Eneida viaja cada temporada agrícola a Ayotzinapa desde que se casó, hace diez años, y ya no quiere volver pero lo hace por la manutención de sus hijos, uno de ellos todavía no camina y tiene que cargarlo. “Decían que se ganaba bien. Pensé que era fácil, y es difícil, es mucho trabajo en el puro lodo. Si cortas mal, tiran toda la planta, y no te pagan”, lamenta en entrevista.
A niñas y niños hay que despertarlos a las cuatro de la mañana para llevarlos a la estancia. Pero quienes no tienen contrato con empresas internacionales no tienen sitios para dejarlos; aun así hay jornaleras que prefieren trabajar por su cuenta.
Guadalupe destaca que no se compara el trabajo en la milpa familiar con la agroexportación. “Aquí para sembrar maíz, frijol, calabaza es un ratito; dos o tres horas cuando toca (aplicar) el fertilizante. Allá es todo el día, toda la semana”.
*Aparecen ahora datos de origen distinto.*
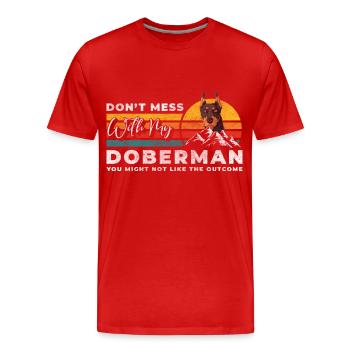 Chien de garde Propriétaire Chiot Chien Amour - T-shirt bio Premium Homme - rouge - Devant - Damien (186cm)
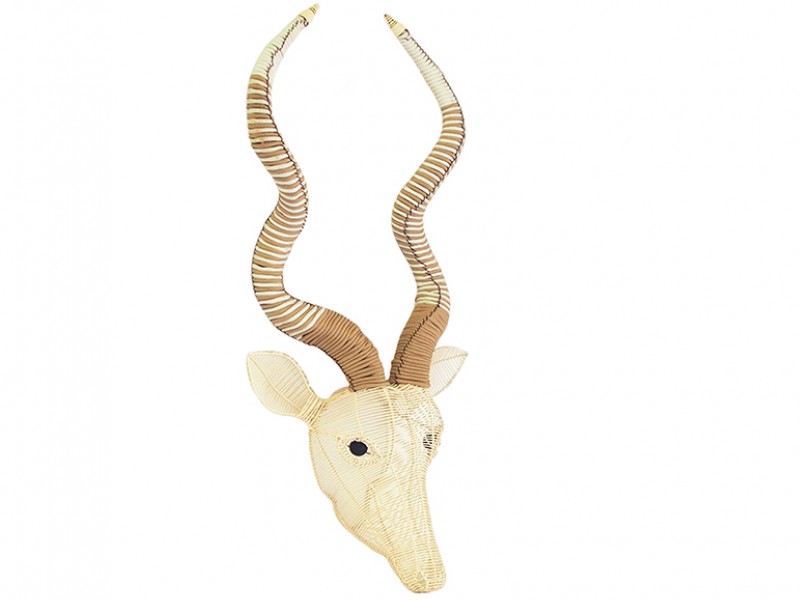 Kudu 80cm Wall Hanging - Beige and White Rope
Guadalupe es cortadora de planta y especialista en el manejo de frutos y verduras orientales hasta el empaque. “Mi papá empezó a llevarnos como a los 18 años. (En el surco) trabajan igual las mujeres que los hombres”, relata en entrevista la joven madre que desde 2006 migra para trabajar el campo con su familia de 12 integrantes, donde nueve son mujeres. En este sentido, la FAO indica que entre 30% y 40% de la población de jornaleras está constituida por personas migrantes que viajan en familia. Además 24% de esta población son personas indígenas.